Who should get the aid?

The bone of contention, in case of US aid, is the issue of aid effectiveness: how much of the assistance reaches the intended recipient or the extent to which the desired outcome is achieved

By Dr Pervez Tahir

Ambassador Ann Patterson of the United States says her country is providing assistance to Pakistan like it does to any other country. She was responding to reports in the press that the United States was reluctant to provide bulk of the funds directly to the PPP government. She mentioned a sum of over $3 billion disbursed since President Zardari took over. Why then were Prime Minister Gilani and officials of Ministry of Foreign Affairs voicing concerns that disbursements bypassing the government would involve huge administrative costs, reducing the actual amount of assistance?

The ambassador misses the point that the concern is not with the past but with the future. Despite the fact that Pakistan is a strategic partner and a non-NATO ally, the time that Kerry-Lugar bill is taking is boggling not a few minds. Musharraf's admission of diverting US assistance to uses other than agreed, has made confusion worse confounded. Stories of massive corruption in the media provide ammunition to the law makers and lobbyists working against the passage of the package in Washington, DC. Public opinion, which matters to legislatures of the donor countries, is influenced by the league tables produced at the international level on transparency, governance, regulatory frameworks and business conditions, competitiveness and human development.
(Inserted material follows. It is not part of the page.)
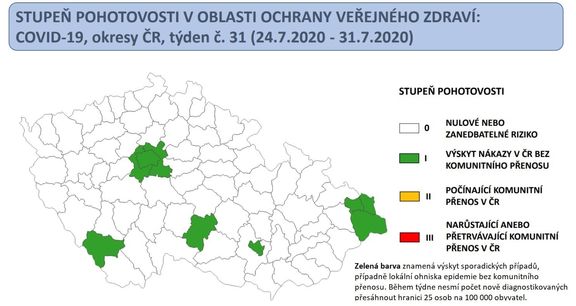 Semafor ministerstva zdravotnictví zveřejněný v pondělí 3. srpna.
Pakistan's standing on all these indices is nothing to write home about. Nor is her notoriously low spending on health and education any help.
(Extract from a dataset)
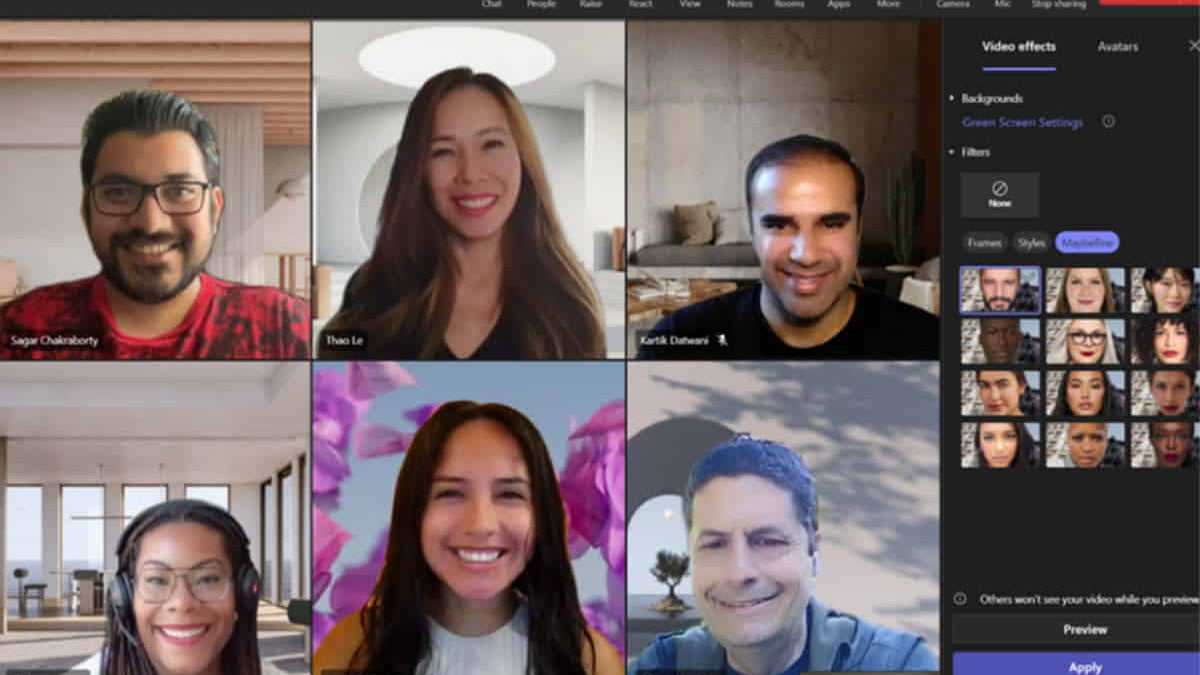 Microsoft Teams añade filtros de maquillaje generados por IA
It all started with President Zardari's demand that the world must implement a $100 billion "Marshall Plan" to support democracy and anti-terror platform in Pakistan. This was after the announcement of $1.5 billion a year package by the United States for five years. Apparently the president did not think the sum of $7.5 billion to be anywhere near the requirement. The forum of Friends of Democratic Pakistan was organised with the aim of mobilising the larger package. After its first meeting in New York on Sept 26 last year, which produced speeches, a technical meeting in Abu Dhabi in April 2009 to tone down Pakistan's wish list, followed in the same month by the Ministerial meeting in Tokyo , which produced pledges amounting to 5 per cent of the "Marshall Plan" eyed by President Zardari, and a gup shup meeting in Istanbul last month, the circus returns to the Big Apple this month. Other than the United States and Britain, not many pledges have become commitments and far fewer commitments have been translated into actual disbursements. Even the promises of assistance for the IDPs, despite warnings from UN officials about a worsening human condition, have been made good only in insubstantial amounts. Whether the presence of Obama and Brown in New York will make any difference, remains to be seen. Other donors will be watching the progress on the United States own Strategic Implementation Plan being put in place to fulfil the Congressional requirement of effective oversight on assistance under the Kerry-Lugar bill.
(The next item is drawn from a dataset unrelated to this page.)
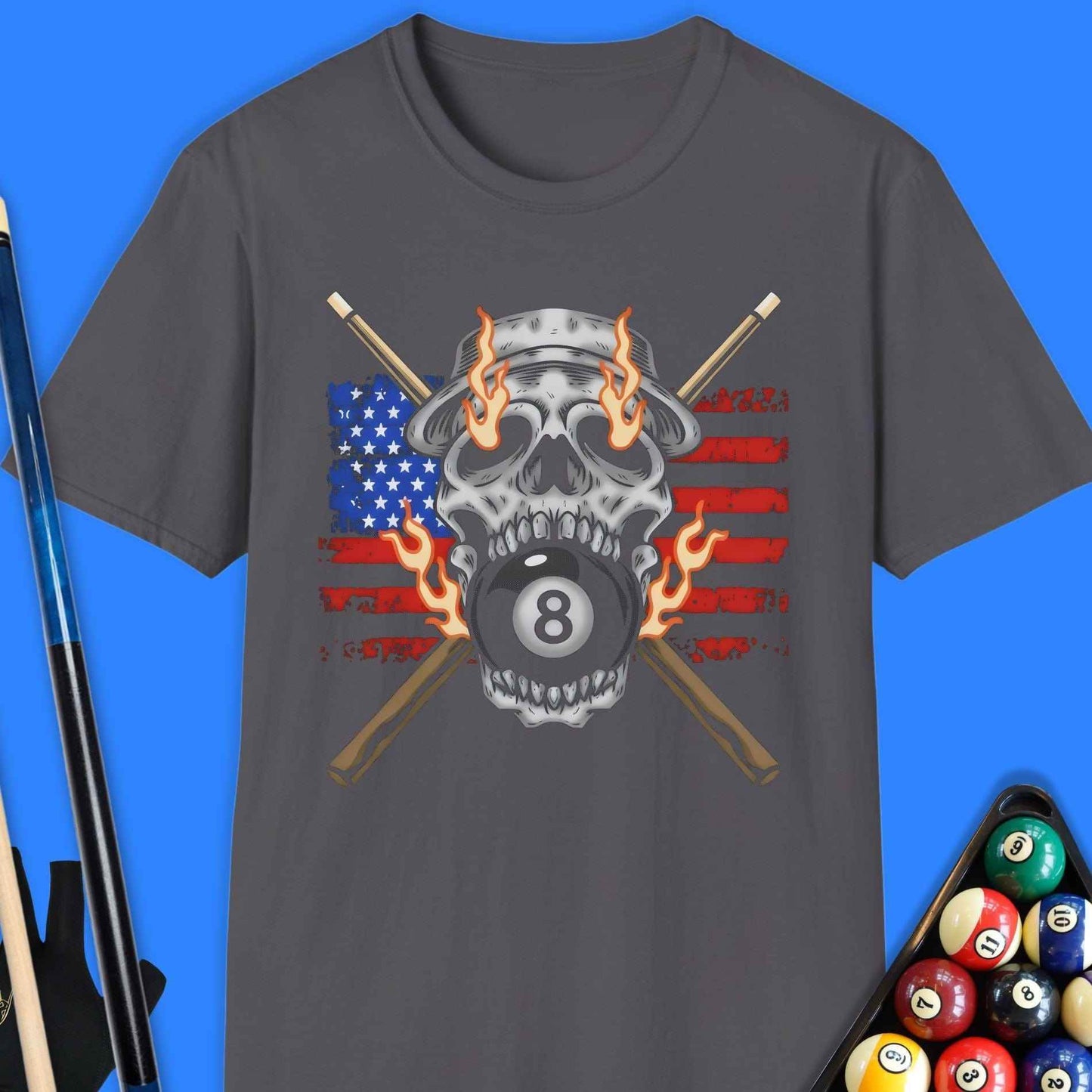 Flaming 8-Ball Skull Pool T-Shirt - Rack & Roll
What exactly is happening here? The bone of contention is the issue of aid effectiveness: how much of the assistance reaches the intended recipient or the extent to which the desired outcome is achieved. This has been put in a proper perspective neither by Ambassador Patterson, nor by the Government of Pakistan and not at all by the media. The refrain is that very little assistance will be provided to government.

Broadly there are three channels of disbursement -- project assistance, programme assistance and budget support. Traditionally most assistance was project assistance, disbursed directly to the project authorities. This ensured that funds meant for a project were spent only on that project. Tarbela and Mangla Dams are examples of this type of funding. Project assistance did not take an overall view of a sector and, therefore, led to intrasectoral imbalances. Sector-wide approaches followed. Intersectoral imbalances could be more serious than intrasectoral imbalances. So next came programme assistance. A set of criteria was agreed with the government and money spent on the agreed activities was reimbursed by a certain percentage. Social Action Programme of the nineties was an example of such assistance. The recent Paris Declaration endorsed budget support as the main vehicle to channel assistance. Here money is provided to the government as a receipt in the budget. The idea is that the government has its own strategy and priorities and the donors do not have the capacity or knowledge of ground reality to force their view of what is to be done in the name of development. Poverty Reduction Support Credit falls in this category.

Underlying the evolution of the various forms of assistance is the assumption of increasing trust in the host government. Budget support requires the highest degree of trust as the degree of fungibility of resources is the highest: they can be allocated in any manner. This is what is bothering the donors. There is what is called a fiduciary risk here, which is related to the state of accountability, transparency and overall governance. In the background of the war on terror, the intention cannot be to withhold assistance but to make it results-based, especially when the Americans are seen to be becoming increasingly unpopular. While the elements of Strategic Implementation Plan are being put together, and the expansion of the US embassy is part of that and not a clandestine operation to deploy thousands of marines, Pakistan was allowed budget support through the IMF, which does have a mechanism to monitor. The building of the US monitoring mechanism is taking its time. This will cost money, which will be charged to the projects as anywhere else. We must know that Planning Commission insists on including monitoring in the project cost.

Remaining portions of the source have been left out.